Rząd Mateusza Morawieckiego przystępuje do wielkiej operacji zwalniania z pracy urzędników. Media są pełne doniesień o stosownych naradach, są wyznaczeni odpowiedzialni za całą operację, w urzędach zaczynają się bać. Ożywiły się związki zawodowe (np. w ZUS), wzmogły plotki na ministerialnych korytarzach, na sile przybrały gesty poddańcze i akty zawierzenia wobec przełożonych. Nie wiem, być może o to tylko chodzi, bo sens tej operacji wydaje mi się wątpliwy. Politycznie może się opłacać – naród nie lubi administracji, zwanej biurokracją lub urzędasami. To dziedzictwo wielu lat, kiedy państwo używało przemocy, w tym administracyjnej, wobec swoich obywateli, jawiąc się jako instrument opresji. Swoje zrobiło najgłupsze hasło niektórych polityków „tanie państwo", które nadal ma spory rezonans społeczny. Ale fakt, że nie ma ono nic wspólnego z dobrym i sprawnym państwem, umyka uwadze obywateli i polityków.
Pamięć instytucjonalna
Zacząć warto od tego, że Polska ma słabą i mało liczną administrację. Pracuje w niej (nie piszę o całym sektorze publicznym) nieco ponad 430 tys. osób, z czego ponad ćwierć miliona w administracji samorządowej. Statystyki dodają do tego często jeszcze pracowników sektora usług społecznych – ZUS, KRUS, mundurowe biura emerytalne – niekiedy także żołnierzy i funkcjonariuszy służb mundurowych, a także pracowników usług publicznych – nauka, edukacja, służba zdrowia, kultura itp. Stąd rodzą się liczby przekraczające miliony, które wzburzają opinię publiczną. Oczywiście to fałsz, bo tak naprawdę, jeśli chodzi o zatrudnienie w administracji i usługach publicznych należymy do średniaków w Europie. Odsetek zatrudnionych w sektorze publicznym jest znacznie większy w krajach, których obywatele oceniają je jako przyjazne do życia: Norwegii, Szwecji, Danii czy Finlandii. Dodajmy, że w tych krajach pracownicy sfery publicznej zarabiają nieporównywalnie więcej niż w Polsce.
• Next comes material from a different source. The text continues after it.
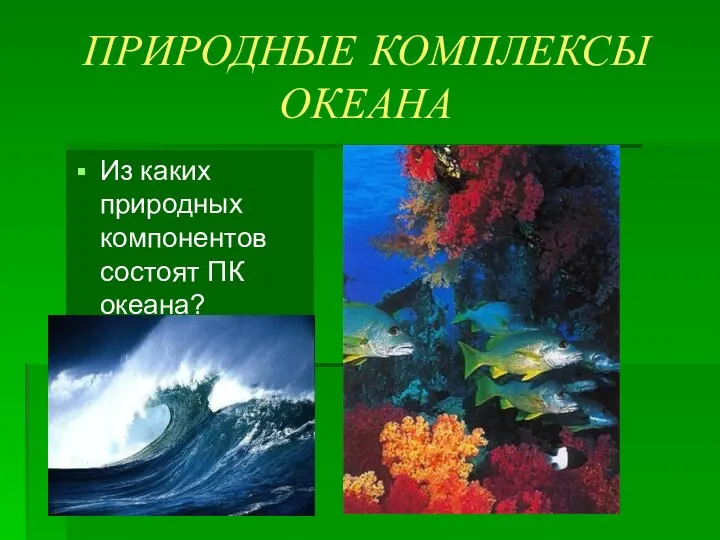 ПРИРОДНЫЕ КОМПЛЕКСЫ ОКЕАНА Из каких природных компонентов состоят ПК океана?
My zostaniemy przy urzędnikach, bo o nich mi tutaj głównie chodzi. Te 400 tysięcy to dużo, czy mało? To zależy, czego oczekujemy od państwa. Jeśli ma być inne, niż znamy do tej pory, czyli bardziej sprawne, ufające obywatelowi i wyręczające go w rozmaitego rodzaju formalnościach, to niedużo.
Pamiętajmy przy tym, że urzędnik to pamięć instytucjonalna państwa. To nie tylko wiedza o prawie i stanach faktycznych, ale też o ryzyku towarzyszącym każdej decyzji, spodziewanych oraz możliwych jej skutkach. O utartych zwyczajach i obyczajach oraz niepisanych zasadach działania. To więc przede wszystkim niezbywalne kompetencje. Stąd w cywilizowanych krajach zinstytucjonalizowano kadrę urzędniczą, nadając jej specjalny status pracowniczy i merytoryczny. Chodzi nie tylko o wysokie kryteria naboru, ale i o gwarancje pracy w tym zakresie, w jakim dany urzędnik ma największą wiedzę i doświadczenie. Dlatego też zabrania się im udziału w polityce.
Ministrowie przychodzą i odchodzą, a na wielu przykładach można wykazać, że często wszystko im jedno, jakim działem administracji kierują, bo nie tak rozumieją swoją rolę. Ostatnie lata przyniosły także upadek rangi i kompetencji wiceministrów. To już nie są specjaliści od zadań realizowanych w określonych działach administracji rządowej, lecz politycy, którym „coś dano", aby zgadzał się parytet polityczny i zostały zaspokojone ich ambicje. Dobrym przykładem jest tu minister Janusz Kowalski, o którym nie wiadomo, za co konkretnie odpowiada w Ministerstwie Aktywów Państwowych, ale wszystkim znane są jego poglądy na rozmaite tematy natury ideowo-politycznej.